The school partnered with the regional nonprofit Young Women of Promise on grants written by – and awarded to – the nonprofit’s founder and director Theresa Williams. The grants, from the Warner Brothers and Points of Light Doo Good for Hunger program and Sodexo Stop Hunger Foundation, supported the Planting Seeds of Promise youth garden and hunger initiative.
Teacher Brenda Griffin, who coordinated the initiative at the school, took the project a step further by turning the intergenerational dinner promised in the grant application into an opportunity for the 20 participating fourth-grade students to learn about service.
The June 6 dinner, held in the school’s media center, honored adults who had volunteered at Pink Hill Elementary during the school year, including a contingent from Spring Arbor assisted living facility in Kinston that came to the school about once a month to read to kindergarten and first-grade students.
“Students are learning the true meaning of volunteering,” Griffin told the dinner guests. “They know it requires a servant’s heart and they know there’s no money attached to it, but there’s a lot of satisfaction in doing something good for others. They’ve learned that about you this year.”
The spaghetti dinner recalled the vegetables in the “spaghetti garden” students planted. The fourth graders also planted flowers and made greeting cards used as decorations and gifts at the dinner. Students served as the wait staff during the dinner, taking beverage orders from the guests and bringing their salads and entrees.
Between courses, former math teacher Betty Lawson, a Spring Arbor resident, said she got as much out of being a volunteer reader as she gave. “I enjoyed it,” she said. “It was giving something back to the community.
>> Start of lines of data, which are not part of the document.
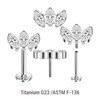 KLBXXX03 Pack of 5 high polished titanium threadless push in labrets with a top with 3 marquis cut prong set CZ stones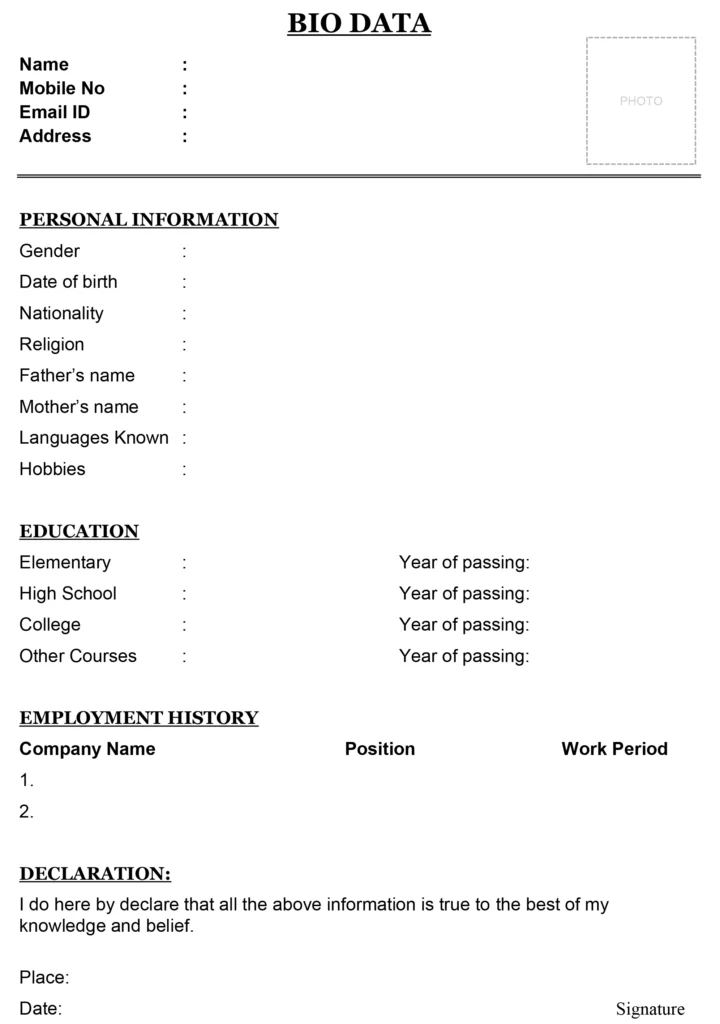 New job biodata format in Word & PDF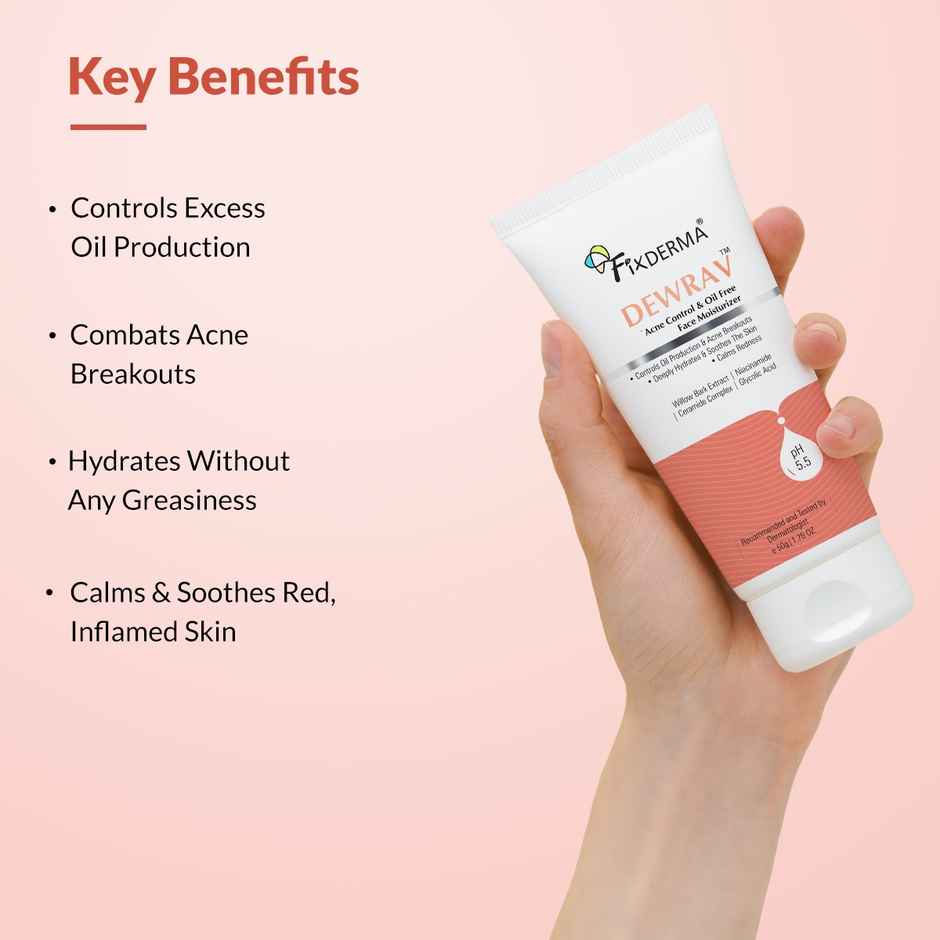 Fixderma Durave Radiance, Brightening & Oil Free Face Moisturizer With Probiotics, Aloe Vera(50gms) & Fixderma Durave Acne Control & Oil Free Moisturizer For Face With Glycolic Acid(50gms) Combo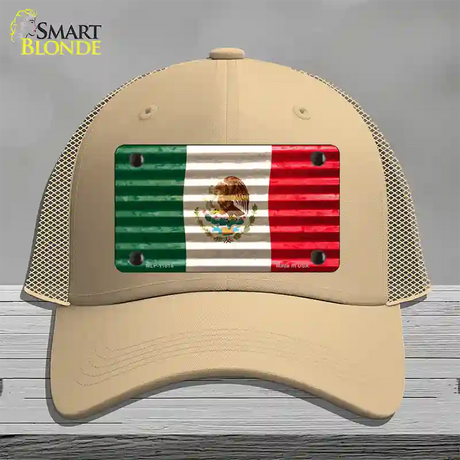 Mexico Flag Novelty License Plate Hat Mesh / Khaki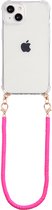 Casies Apple iPhone 14 hoesje met koord - Roze kralen ketting - short size - Cord Case Candy Beads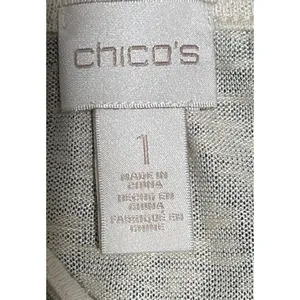 Chicos Boho Top Abstract Tribal Inspired Print Crochet Lace Artsy Size 1 Medium thumbnail 3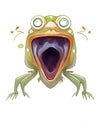 ugly frog screaming in classic cartoon style, ai generated image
I’ve always enjoyed academics and felt like I could give back.”
As much as a meal, the dinner was built around gratitude – the gratitude of Griffin and Williams to the grant providers, the school to the volunteers and the adults to the students.
“The kids have been amazing to work with,” Williams said. “I took the opportunity to apply for grants for a children’s gardening project centered around hunger, how it impacts families and young people but also how it could impact older citizens as well. We embarked upon planting gardens, which allowed young kids to get their hands dirty; and they really enjoyed it.”